# motor swaps



## kptstyle (May 19, 2013)

Hey all I have a 94 sentra circle track car and I'm looking at options on getting more hp I think I have the ga16de engine now and its just not enough is there a motor with 130-140 that will bolt right in ? Any help would be appreciated


----------



## rogoman (Dec 16, 2004)

Install an SR20DET. Here's a web site with a lot of info:

http://www.sr20forum.com/technical-information-library/87887-howto-1-6-ga16de-2-0-sr20de-t-swap.html


----------



## smj999smj (Jan 1, 2006)

There's a little more than just "bolting it in" though...


----------



## kptstyle (May 19, 2013)

Yea that's what I was thinking how about getting more hp out of my 1.6 a chip? Shave ported head?


----------



## smj999smj (Jan 1, 2006)

Chips don't work usually.

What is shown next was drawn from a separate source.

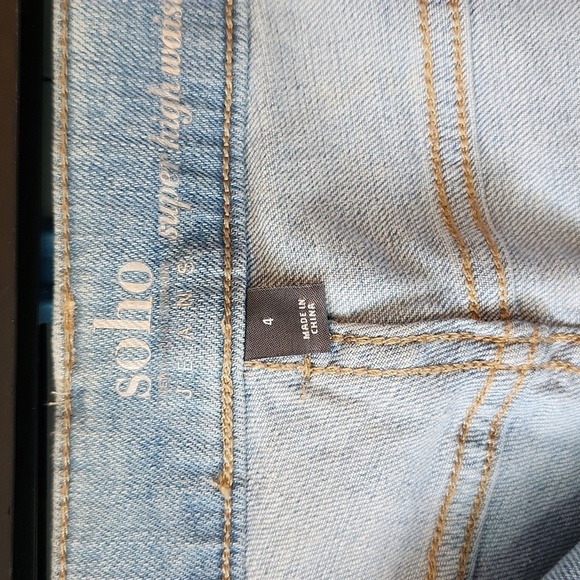 New York & Company Soho Jeans Super High Straight Cut - Picture 14 of 16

There are turbocharger kits available for the GA16DE in the $1500 range. A company like Jim Wolf Technology might be able to rework the ECM to your benefit. But if you are looking for 140HP or more, the SR20 is the way to go. I believe the SR20DE is 140HP in stock form and has the potential for a whole lot more.


----------



## kptstyle (May 19, 2013)

Well it can't be turbo and has to look stock at first glance is the sr 20 140hp non turbo?


----------



## i r teh noobz (Apr 26, 2007)

Stock, non turbo is 140hp or so.

Intake, exhaust, and some timing advance should help your GA a bit. Porting the head and intake wouldn't hurt either.


----------



## smj999smj (Jan 1, 2006)

The SR20DE (which is non-turbo) produced 140-169 HP, depending on the year, model and country.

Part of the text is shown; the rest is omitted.